Así pues, quizá más tarde pueda dedicarme al verdadero trabajo de detective, pero, por el momento, permanezco sentado en una silla de respaldo duro, diseñada originalmente para la Inquisición, mientras echo un vistazo a los archivos del ayuntamiento, y no podría sentirme más cabreado.
Hace aproximadamente tres años, Jaycee Holden, según los documentos que soy capaz de conseguir tras cinco horas de espera, espera y más espera, realizó un movimiento del que Houdini se hubiera sentido orgulloso. Su nombre, repartido previamente entre informes de crédito, contratos de alquiler, facturas de electricidad, archivos de los tribunales, listas del Consejo, e incluso algunos periódicos, dejó de aparecer en todos y cada uno de los documentos pocos días después de que Jaycee Holden se alejase por ese andén de la estación Grand Central desde donde partían trenes hacia el este. No se celebró ningún funeral por la Coelophysis desaparecida, ya que no había ningún cadáver y ninguna prueba concreta de que siquiera estuviese muerta. No había familia de la que hablar; no había nadie que llorase y le gritase a las autoridades que moviesen el culo e hicieran algo. Los padres habían muerto y no tenía hermanos. Jaycee Holden era una mujer joven, bonita y activa, a quien, no obstante, podría definirse mejor por su asociación con el Consejo y su frustrado matrimonio con Donovan Burke; un estilo de vida así no proporciona fácilmente pistas sobre la desaparición de una persona. Según un artículo a una columna que encontré en la úitima página del Times, Donovan y un grupo de amigos habían hecho un pequeño pero dedicado esfuerzo para realizar una búsqueda de Jaycee como persona desaparecida -volantes, cartones de leche, etc.-, pero se suspendió después de que los investigadores privados que habían contratado regresaran con las manos vacías y una factura considerable.

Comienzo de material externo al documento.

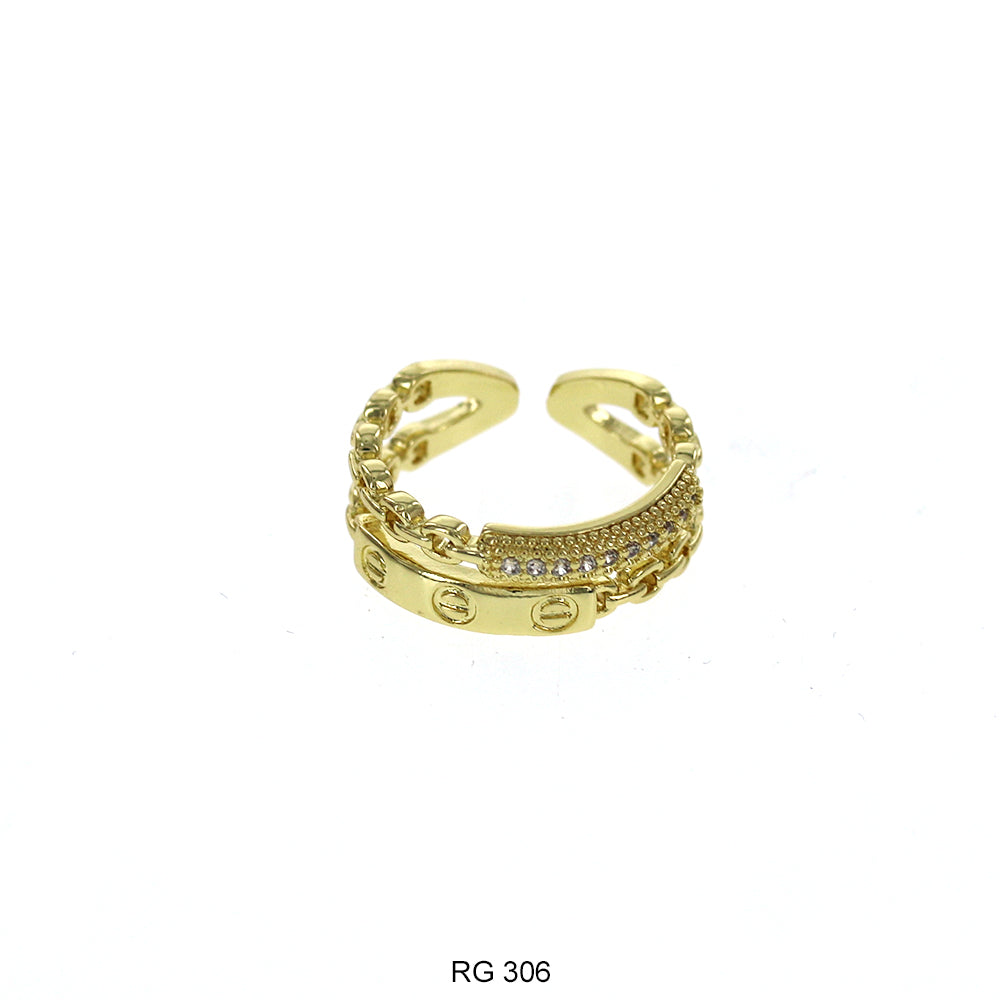 Openable Ring RG 306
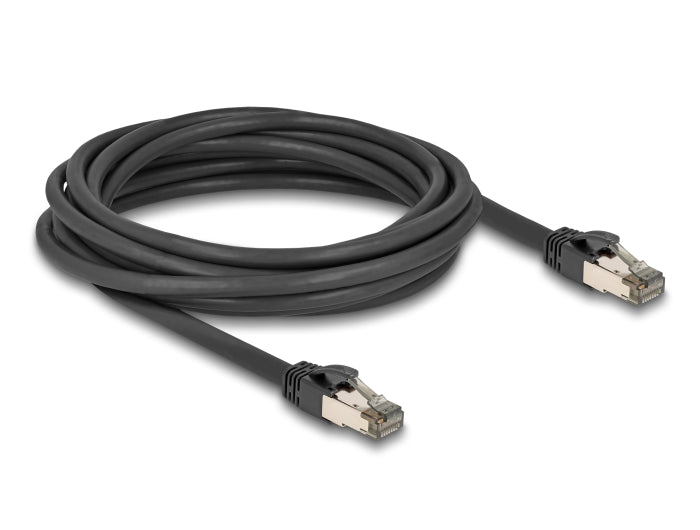 Delock 80243 Rj45 Network Cable Cat.6A U/Ftp Ultra Flexible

La gente desaparece -sucede con frecuencia-, pero nadie lo hace de este modo. He seguido la pista a dinosaurios y seres humanos durante toda mi vida laboral, y el único punto en común que he encontrado es que no importa cuan profundamente haya sido erradicada su existencia anterior, el rastro de papel que los ha seguido durante toda su vida continúa colgando de ellos como si fuese un percebe. La propaganda por correo, por ejemplo, sigue llegando a sus casas, con el fin de que aprovechen las ventajas de esta-increíble-oferta-de-tarjeta-de-crédito. Implacables voluntarios de los maratones benéficos de la tele llaman a los últimos números telefónicos conocidos implorando un poco de dinero para ayudar a los niños; todo es para los niños. Y muchas cosas más. En el mundo actual, donde los ordenadores pueden almacenar datos personales hasta mucho después de que)os tatara tatara tataranietos de uno se hayan instalado en la residencia de ancianos del barrio, ya nadie puede simplemente esfumarse; nadie.
Sin embargo, Jaycee Holden se ha esfumado; como dijo Judith, «como azúcar en el café». Su nombre ha sido borrado de las listas de direcciones de envío de propaganda e información inservible, y ha sido eliminado de los archivos de agentes y empresas que solicitan contribuciones y donaciones. Si tuviese la más remota idea de cómo diablos acceder a Internet, estoy seguro de que descubriría que Jaycee Holden hace tiempo que ha cogido la salida más próxima de la superautopista de la información. Ella se convirtió en una nulidad virtual después de aquella tarde de febrero sorprendentemente cálida, casi como si se hubiese llevado con ella todos los vestigios de su vida en su viaje a ninguna parte.
He oído cosas más raras.
Por otra parte, la vida de McBride se encuentra expuesta en archivos públicos: periódicos, revistas, obras. A) menos, los últimos quince años; antes de esa época existe un vacío, pero eso no es algo que deba sorprender a nadie. La mayoría de los artículos acerca del dinosaurio fallecido mencionan que su esposa y él eran originarios de Kansas, aunque no hay referencias a su vida en aquel Estado, salvo para decir que quedó huérfano a temprana edad y que fue criado por un amigo de la familia. En algún momento conoció a su encantadora esposa Judith, se trasladaron a Nueva York, entraron en la escena social y empresarial, fundaron la compañía Fortune 500, especializada en bonos y adquisiciones, y el ocasional club nocturno de moda, y ¡buuum!: ha nacido un magnate. A partir de entonces todo son páginas de sociedad y datos financieros, y ambas cosas tienen la capacidad de llevarme al borde de las lágrimas en cuestión de minutos.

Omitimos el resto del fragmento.